Sixty-seven chemonaïve patients with advanced non-squamous NSCLC were screened, enrolling 21 ASS1-deficient subjects from March 2015 to July 2017 onto weekly pegargiminase (36mg/m
) with Pem (500mg/m
) and Cis (75mg/m
), every 3weeks (four cycles maximum), with maintenance Pem or pegargiminase. Safety, pharmacodynamics, immunogenicity, and efficacy were determined; molecular biomarkers were annotated by next-generation sequencing and PD-L1 immunohistochemistry.
ADIPemCis was well-tolerated. Plasma arginine and citrulline were differentially modulated; pegargiminase antibodies plateaued by week 10. The disease control rate was 85.7% (n=18/21; 95% CI 63.7%-97%), with a partial response rate of 47.6% (n=10/21; 95% CI 25.7%-70.2%). The medirapies incorporating pegargiminase merit further evaluation in ASS1-deficient and treatment-refractory NSCLC.
To compare adverse events and health-related quality of life in ambulatory home-based chemotherapy with those in inpatient.
Prospective non-randomized observational study.
Participants were divided into two groups according to patients' preference receiving chemotherapy.
Sixty-four participants were enrolled in the inpatient, and 111 were in an ambulatory home-based chemotherapy. The frequency of anaemia, neutropenia and thrombocytopenia was significantly higher in inpatient group than in ambulatory home-based chemotherapy group (p<.001, <.001 and .002, respectively). Nausea, mucositis, and fatigue were more common in ambulatory home-based chemotherapy group than in inpatient group (p<.001, .022, and .005, respectively). Patients in the ambulatory home-based chemotherapy group showed higher social well-being (SWB) scores than inpatient group (coefficient 1.92, 95% confidence interval [CI] 0.65 to 3.19, p .003).

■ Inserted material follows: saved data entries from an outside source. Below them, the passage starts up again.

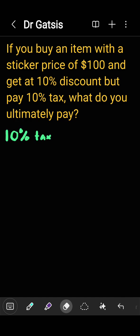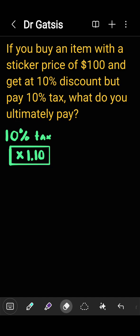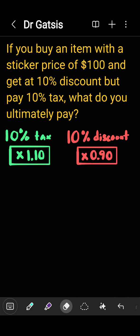A 10% tax means that the quantity increases by 10%. This is equivalent to multiplying the quantity by 1.10 — that is, adding 10% on top of the whole. A 10% discount would mean that we multiply by 0.90. That is, if you have 100% to start and you take away 10%, that means you have 90% retained.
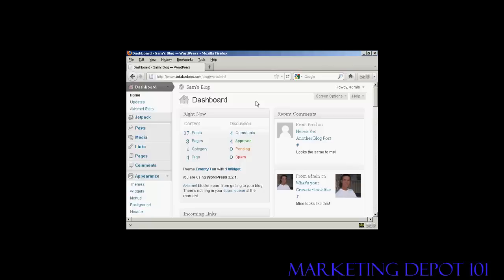WordPress comes with a lot of different themes, and you can get some from wordpress.org, and there are lots of other places on the internet that you can get them. Some are free, some are paid for.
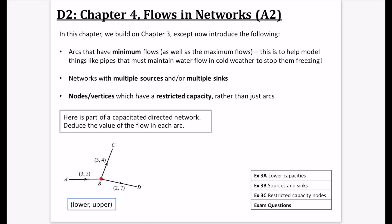We're on to Chapter 4, which is Flows and Networks 2 — I'm calling it Flows and Networks A2 because this is only A2 content. It totally builds on Chapter 3, except we now introduce the following three things that adapt it.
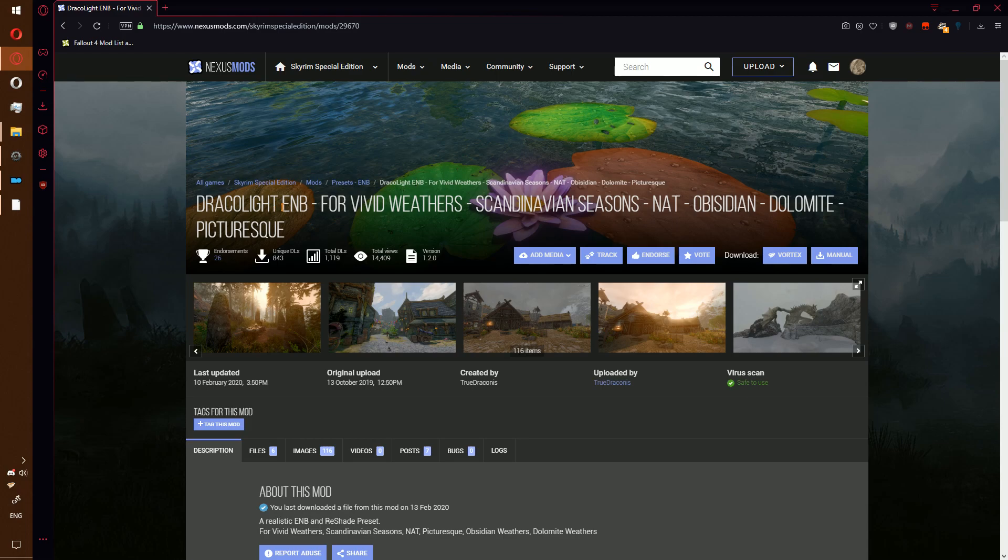Alright, welcome to Moda Day Day 7. Today we're installing an ENB preset. This differs from installing an ENB itself only slightly.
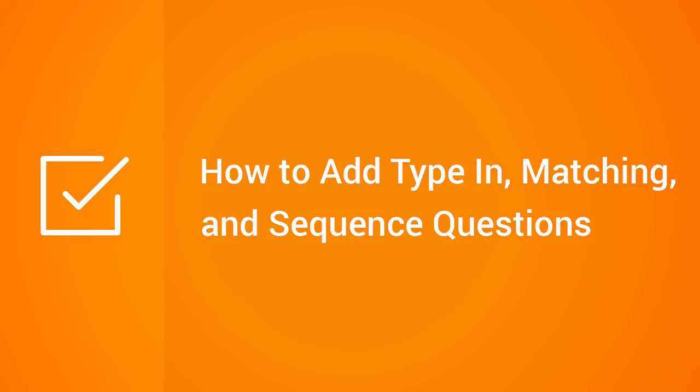This tutorial shows you how to add type in, matching, and sequence questions.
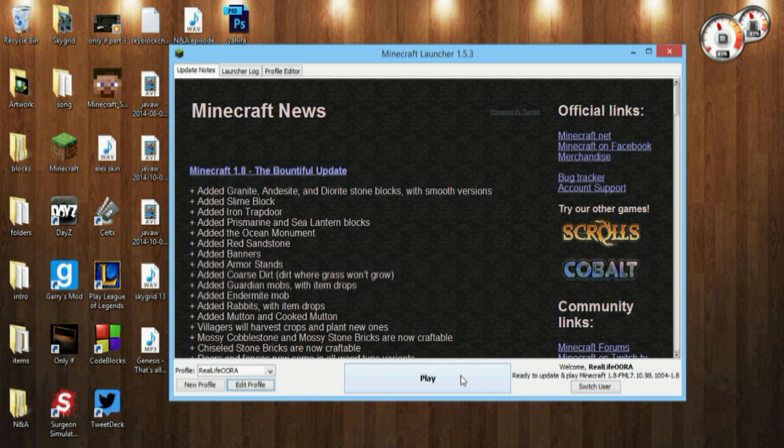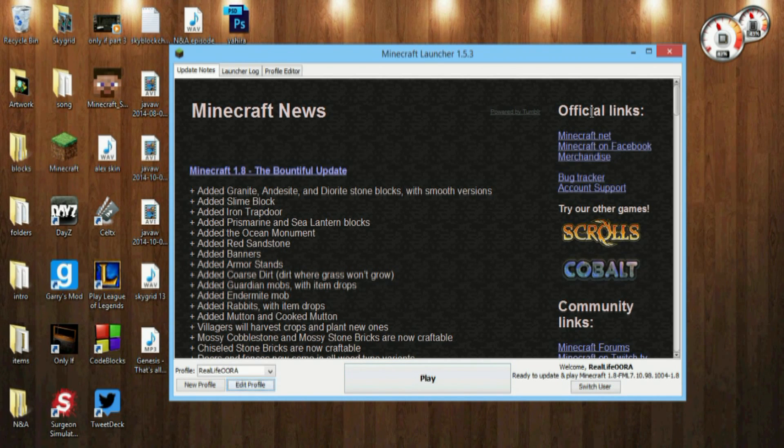Press Play and there you go, it's running and you guys can install mods at your free will. So thank you very much for watching guys, I hope you liked this.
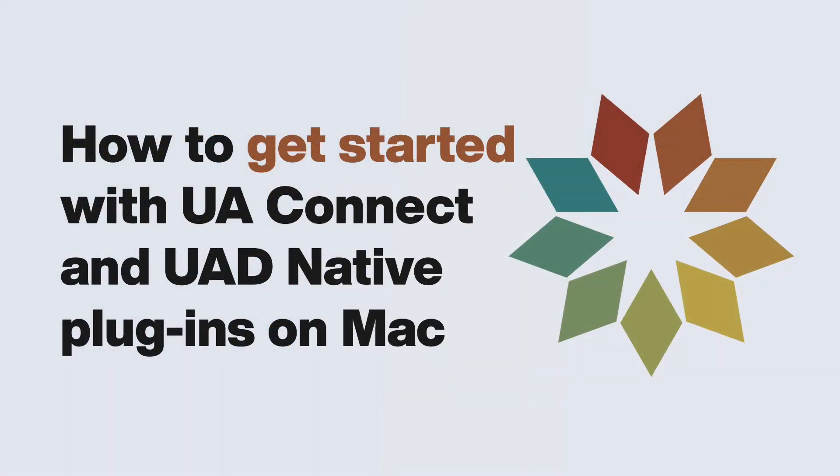For more information about UAConnect, please refer to our video, How to Get Started with UAConnect and UAD Native Plugins on Mac.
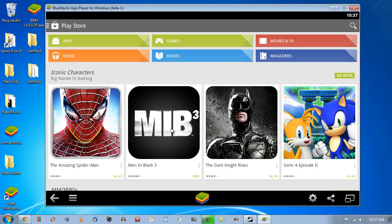Of course, when you first get BlueStacks, it's going to have you run through some hoops. In other words, it's going to have you connect to your Google account, set up one-click sync and whatever else.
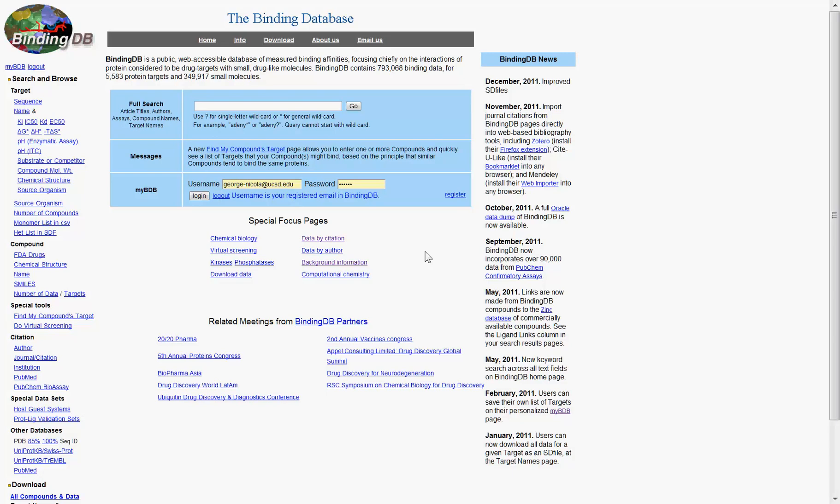BindingDB provides the ability to download all small molecule interaction data for a particular article. To do this, simply find the journal citation link on the left hand side of the screen.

Sixty-four participants were enrolled in the inpatient, and 111 were in an ambulatory home-based chemotherapy. The frequency of anaemia, neutropenia and thrombocytopenia was significantly higher in inpatient group than in ambulatory home-based chemotherapy group (p less then .001, less then .001 and .002, respectively). Nausea, mucositis, and fatigue were more common in ambulatory home-based chemotherapy group than in inpatient group (p less then .001, .022, and .005, respectively). AZD8186 order Patients in the ambulatory home-based chemotherapy group showed higher social well-being (SWB) scores than inpatient group (coefficient 1.92, 95% confidence interval [CI] 0.65 to 3.19, p .003).Combinatorial CpG oligonucleotide (CPG) and chemotherapy drug represent a promising approach to reactivate immune system. However, these two agents possess different physicochemical properties, hindering the application of direct self-assembly of these two cargos into a single nanostructure. Here, a multistage cooperative nanodrug is developed by the direct self-assembly of cis-platinum (CDDP, Pt), l-arginine (l-Arg, R), and CPG (defined as PtR/CPG) for antitumor chemoimmunotherapy. First, the CDDP can induce cell apoptosis. Meanwhile, CDDP also promotes the production of H2 O2 , catalyzing the conversion of l-Arg into nitric oxide (NO). The generated NO decreases the multidrug resistance of cells toward CDDP. Thus, the synergistic effects of CDDP and NO can trigger immunogenic cell death to produce tumor-associated antigens (TAAs). The TAAs and CPG will induce the maturation of dendritic cells (DCs) and enhance antigen presentation ability of DCs. In this way, the PtR/CPG can reverse the immunosuppressive microenvironment, sensitizing tumors to immune checkpoint inhibitors mediated by the programmed death-ligand 1 (PD-L1) antibody.